Handling of horizontal gradients near rough bathymetry

This may be a basic question but I am curious to know how nemo handles the computation of horizontal gradients next to a boundary edge, such as in regions of rough ocean bathymetry. In a routine I am implementing I need to calculate horizontal gradients of buoyancy, which are done like

DO jk = 1, jpkm1
   DO jj = 1, jpjm1
      DO ji = 1, jpim1
         !== gradients of buoyancy on U and V grid ==!
         zbudxup(ji,jj,jk) = r1_e1t(ji,jj) * ( zbu(ji+1,jj,jk) - zbu(ji,jj,jk) )
         zbudyvp(ji,jj,jk) = r1_e2t(ji,jj) * ( zbu(ji,jj+1,jk) - zbu(ji,jj,jk) )
      END DO
   END DO
END DO

where zbu is on the T-point.

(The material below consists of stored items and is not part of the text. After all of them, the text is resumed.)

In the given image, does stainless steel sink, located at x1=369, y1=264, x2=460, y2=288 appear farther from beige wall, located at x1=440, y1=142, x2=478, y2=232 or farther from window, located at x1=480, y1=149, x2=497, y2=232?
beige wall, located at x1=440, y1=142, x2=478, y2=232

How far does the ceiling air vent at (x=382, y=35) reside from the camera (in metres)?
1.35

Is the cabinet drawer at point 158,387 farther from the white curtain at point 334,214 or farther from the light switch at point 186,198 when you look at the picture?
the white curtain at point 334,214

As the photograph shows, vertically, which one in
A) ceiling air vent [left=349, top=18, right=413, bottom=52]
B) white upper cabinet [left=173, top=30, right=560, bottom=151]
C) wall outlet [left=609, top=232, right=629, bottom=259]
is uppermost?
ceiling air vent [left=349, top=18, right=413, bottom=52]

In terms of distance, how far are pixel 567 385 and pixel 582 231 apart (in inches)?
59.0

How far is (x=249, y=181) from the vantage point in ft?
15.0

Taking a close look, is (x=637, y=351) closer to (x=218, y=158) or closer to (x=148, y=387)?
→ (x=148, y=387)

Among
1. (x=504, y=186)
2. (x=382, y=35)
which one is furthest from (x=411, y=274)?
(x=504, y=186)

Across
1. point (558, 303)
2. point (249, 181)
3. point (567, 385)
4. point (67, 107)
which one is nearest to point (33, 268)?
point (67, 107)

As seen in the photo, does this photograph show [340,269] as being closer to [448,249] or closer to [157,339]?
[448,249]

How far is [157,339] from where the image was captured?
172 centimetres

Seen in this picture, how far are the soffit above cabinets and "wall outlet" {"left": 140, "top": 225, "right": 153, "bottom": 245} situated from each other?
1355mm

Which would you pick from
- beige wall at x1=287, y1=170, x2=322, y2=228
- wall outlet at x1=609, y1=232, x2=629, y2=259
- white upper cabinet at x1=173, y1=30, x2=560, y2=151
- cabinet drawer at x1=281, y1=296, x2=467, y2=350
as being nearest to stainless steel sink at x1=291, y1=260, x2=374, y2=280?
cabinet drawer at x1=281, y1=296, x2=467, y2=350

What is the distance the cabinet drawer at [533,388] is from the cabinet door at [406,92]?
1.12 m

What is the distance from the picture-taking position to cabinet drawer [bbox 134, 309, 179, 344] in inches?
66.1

Several other horizontal gradients are required (relative vorticity, divergence).

For example, what happens when ji+1 is outside the ocean domain due to, say, an ocean ridge. Is zbu(ji+1,jj,jk) equal to NaN or zero? And how does this impact the horizontal gradient? Is there a technique that I need to use to avoid issues at the boundary edges?

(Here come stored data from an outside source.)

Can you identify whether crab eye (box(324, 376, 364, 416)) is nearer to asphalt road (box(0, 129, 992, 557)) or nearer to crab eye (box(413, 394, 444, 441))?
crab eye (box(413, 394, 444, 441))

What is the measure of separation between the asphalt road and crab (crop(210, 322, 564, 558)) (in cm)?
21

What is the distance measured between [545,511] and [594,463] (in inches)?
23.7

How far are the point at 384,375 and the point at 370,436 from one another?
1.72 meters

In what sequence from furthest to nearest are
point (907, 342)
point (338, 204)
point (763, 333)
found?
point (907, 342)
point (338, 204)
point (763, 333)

Over a C-grid, NEMO basically relies on mask arrays (=0/1) to handle such boundary conditions.
In your particular case, such gradients generally refer to fluxes, which are zero across solid boundaries (so that this does not create any source/sink globally. Practically speaking, zbudxup and zbvdxvp would have been multiplied by umask and vmask respectively, which translates into a 0-gradient boundary condition also.
Apply boundary conditions for dynamical conditions can still make use of masking, but this may get more complicated depending on the physical hypothesis you make at the boundary.